From the early days of the spill, when BP simply refused to allow government scientists appropriate access to calculate the flow rate from the exploded well, there has been a woeful lack of access to the region.  This pattern has continued throughout the duration of the spill, and routinely both scientists and media have had difficulty gaining entry to relevant areas.  It would have been so easy for Obama to announce that, henceforth, BP would have no ability to restrict access and further, that every effort would be made to allow scientists and media to have complete freedom to move about the region in order to supply the American public with information about all dimensions of the disaster.

Policy changes: The spill provides an ideal opportunity to take concrete steps to transition away from our reliance on fossil fuels. It also shows the flaw in the argument that the goal of US energy policy should simply be to decrease reliance on foreign oil. Even putting aside concerns about global warming, the spill demonstrates the great risks involved in oil production, whether domestic or foreign. The oil companies maintain that they have outstanding safety records and that the scale of this disaster is unprecedented. The fact is, though, that drilling and processing oil is inherently risky. What’s not well known is that during the two months that oil has been spewing from the bottom of the ocean in the Gulf, there have been at least two other oil-related spills, one from the trans-Alaska pipeline and one in Utah, just outside of Salt Lake City.

In last night’s speech, Obama noted the importance of transitioning towards clean energy, and he specifically mentioned concepts like solar and wind power and improved efficiency. Yet, again, there were no specifics about what form an energy policy could take, nor were there any commitments or goals laid out.
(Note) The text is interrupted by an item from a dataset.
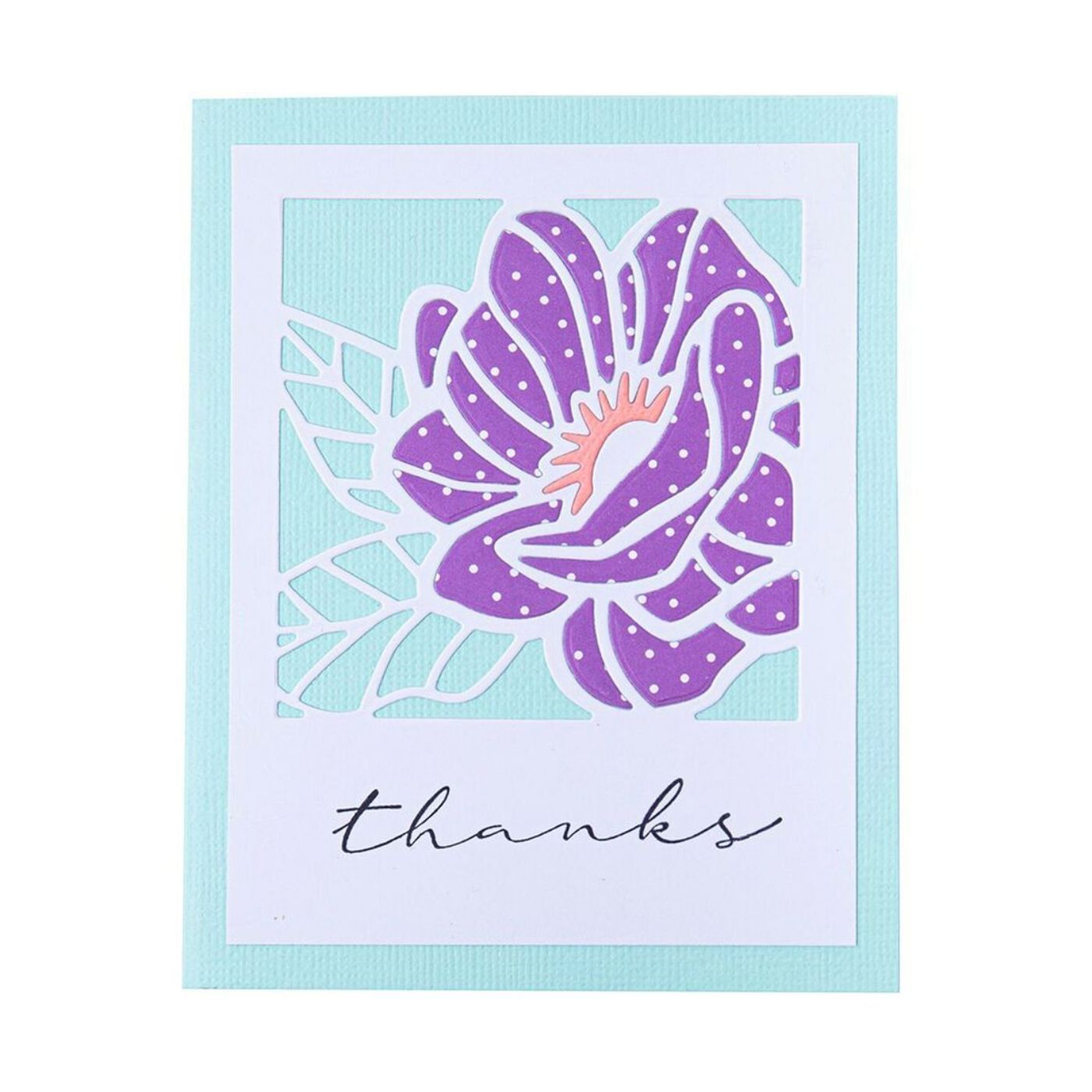 Troqueles Thinlits Portada Tarjeta Floral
In fact, one of the few concrete pledges was a commitment to “look at ideas and approaches from either party” and “give them a fair hearing”, which I find neither inspiriting nor terribly reassuring.

In the past, Obama has proven that his low-key, drama-free leadership style is both effective and powerful. Time will tell whether this middle of the road style will properly address the Gulf oil spill. What seems obvious though, is that last night’s speech was a missed opportunity to dramatically change the game.